Despite we could not speculate a potential a downstream role of SRSF‐1 and PC aggressiveness in diabetic patients, we demonstrated that in this sub‐cohort of patients, SRSF‐1 positivity was related to greater cell (Ki‐67⁺) and vascular (MVD⁺) proliferation while in nondiabetic patients SRSF‐1 positivity is associated with IR‐α. Although we are not able to verify if this latter finding may be related to a condition of prediabetes.

Before concluding we wish to underline some limitations, including the low number of patients that was able to complete survival including patients with/without diabetes and positivity at SFRS‐1 and MVD; the lack of information about drugs used for diabetes. Finally, we did not assess mRNA expression to better understand signaling of SRSF‐1 and PC related proteins.

5. CONCLUSION

PC exhibits widespread heterogeneity in protein expression. In particular, the expression of the SRSF‐1 protein and of the MVD are associated with a worse prognosis and in particular with a greater cell proliferation. These results, although preliminary, may offer new future scientific insights with the aim of highlighting possible genetic alterations linked to a greater expression of SRSF‐1 and associated with a worse prognosis.

CONFLICT OF INTEREST

The authors declare that there are no conflict of interests.

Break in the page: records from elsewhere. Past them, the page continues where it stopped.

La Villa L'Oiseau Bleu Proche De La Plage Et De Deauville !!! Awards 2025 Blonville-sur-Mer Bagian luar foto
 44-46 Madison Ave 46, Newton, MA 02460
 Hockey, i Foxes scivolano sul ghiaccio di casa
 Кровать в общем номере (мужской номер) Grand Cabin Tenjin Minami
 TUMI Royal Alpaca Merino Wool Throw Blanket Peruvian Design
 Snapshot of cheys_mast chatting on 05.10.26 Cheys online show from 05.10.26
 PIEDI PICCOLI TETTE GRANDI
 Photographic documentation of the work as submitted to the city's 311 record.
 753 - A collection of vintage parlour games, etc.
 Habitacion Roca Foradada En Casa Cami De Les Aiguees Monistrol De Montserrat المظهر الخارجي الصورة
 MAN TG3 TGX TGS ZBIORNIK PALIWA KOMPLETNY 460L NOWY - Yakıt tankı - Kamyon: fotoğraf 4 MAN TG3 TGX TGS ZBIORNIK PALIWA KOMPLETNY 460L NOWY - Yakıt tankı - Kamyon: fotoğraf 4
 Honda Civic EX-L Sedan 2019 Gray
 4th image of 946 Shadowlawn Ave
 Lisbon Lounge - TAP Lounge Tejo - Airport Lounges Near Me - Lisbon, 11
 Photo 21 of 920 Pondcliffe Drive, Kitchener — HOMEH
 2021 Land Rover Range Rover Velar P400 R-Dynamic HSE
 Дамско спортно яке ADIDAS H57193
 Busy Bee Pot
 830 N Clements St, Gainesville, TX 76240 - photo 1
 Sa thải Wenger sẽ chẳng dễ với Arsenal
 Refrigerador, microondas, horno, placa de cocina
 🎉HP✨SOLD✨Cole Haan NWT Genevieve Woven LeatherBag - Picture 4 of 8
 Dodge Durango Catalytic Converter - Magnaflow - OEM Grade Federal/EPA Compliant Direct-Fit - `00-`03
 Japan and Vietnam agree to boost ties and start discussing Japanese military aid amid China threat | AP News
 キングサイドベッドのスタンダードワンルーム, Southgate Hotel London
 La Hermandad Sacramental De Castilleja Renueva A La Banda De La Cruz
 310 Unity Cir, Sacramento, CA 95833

Broggi G, Lo Giudice A, Di Mauro M, et al. SRSF‐1 and microvessel density immunohistochemical analysis by semi‐automated tissue microarray in prostate cancer patients with diabetes (DIAMOND study) The Prostate. 2021;81:882‐892. 10.1002/pros.24185

DATA AVAILABILITY STATEMENT

The data presented in this study are available on request from the corresponding author.